▸ WHAT THE TASK ASKS: Range to reproduce from the entries below: the line with "Etui do iPhone", the line with "95ste verjaardag: Fun", and every line in between. Give them exactly and give nothing else.

━━ TASK INPUTS ━━

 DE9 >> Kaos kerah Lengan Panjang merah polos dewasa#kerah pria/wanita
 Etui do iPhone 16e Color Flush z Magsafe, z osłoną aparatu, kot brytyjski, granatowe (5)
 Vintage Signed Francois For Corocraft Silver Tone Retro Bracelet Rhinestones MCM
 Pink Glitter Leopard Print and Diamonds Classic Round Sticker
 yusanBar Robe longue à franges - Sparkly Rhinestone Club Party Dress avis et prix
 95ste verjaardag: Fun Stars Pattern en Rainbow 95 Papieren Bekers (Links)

━━━
━━ TASK INPUTS ━━

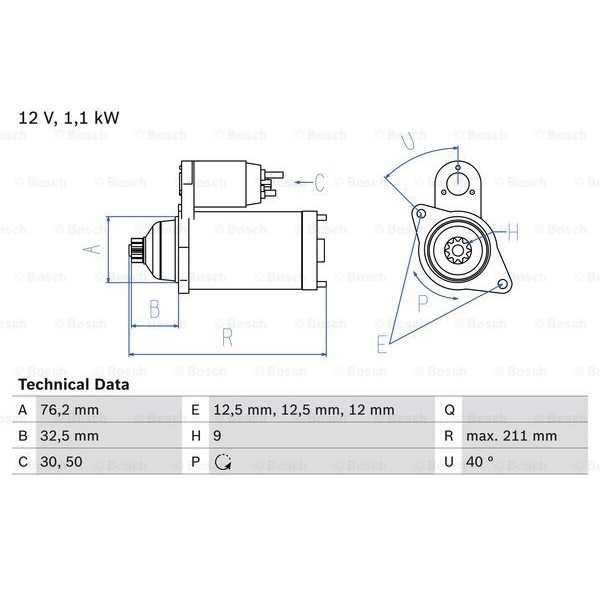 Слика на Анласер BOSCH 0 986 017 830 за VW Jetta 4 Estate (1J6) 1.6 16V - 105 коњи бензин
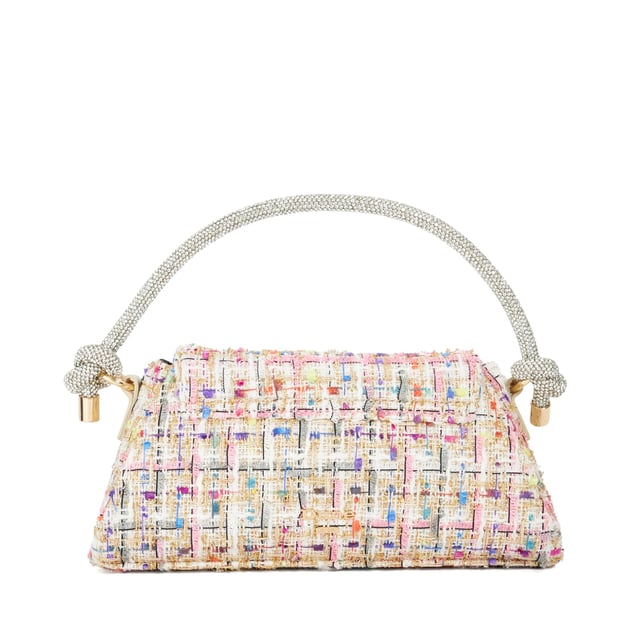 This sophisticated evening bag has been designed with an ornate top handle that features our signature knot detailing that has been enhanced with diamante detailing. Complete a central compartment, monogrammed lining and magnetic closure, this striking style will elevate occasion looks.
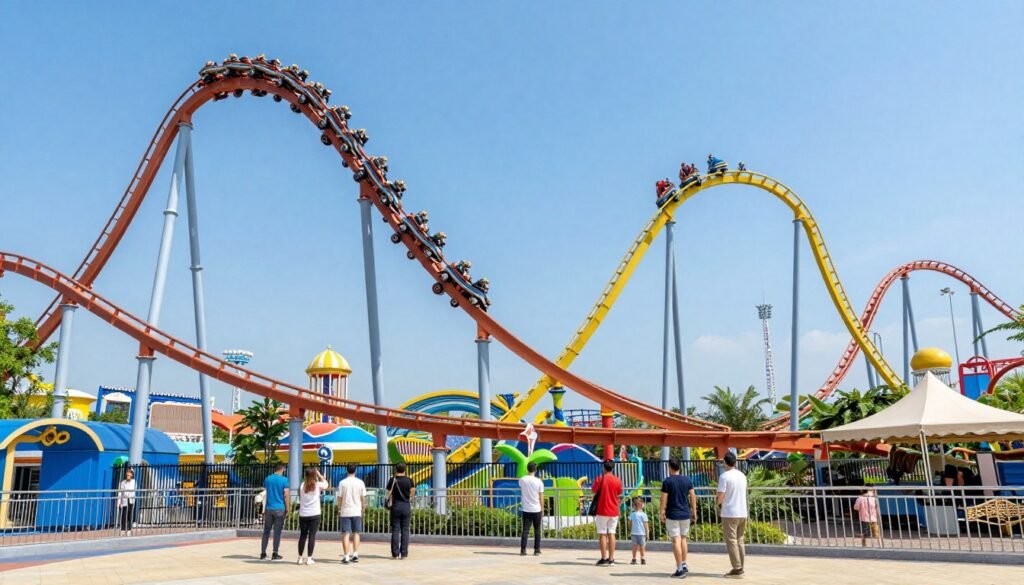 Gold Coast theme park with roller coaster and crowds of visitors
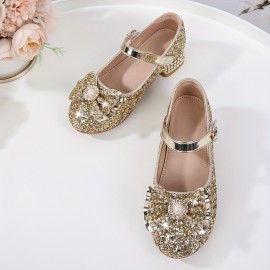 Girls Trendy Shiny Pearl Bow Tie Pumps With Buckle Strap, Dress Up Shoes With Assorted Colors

━━━

▸ RESULT OF THIS TASK:
 Etui do iPhone 16e Color Flush z Magsafe, z osłoną aparatu, kot brytyjski, granatowe (5)
 Vintage Signed Francois For Corocraft Silver Tone Retro Bracelet Rhinestones MCM
 Pink Glitter Leopard Print and Diamonds Classic Round Sticker
 yusanBar Robe longue à franges - Sparkly Rhinestone Club Party Dress avis et prix
 95ste verjaardag: Fun Stars Pattern en Rainbow 95 Papieren Bekers (Links)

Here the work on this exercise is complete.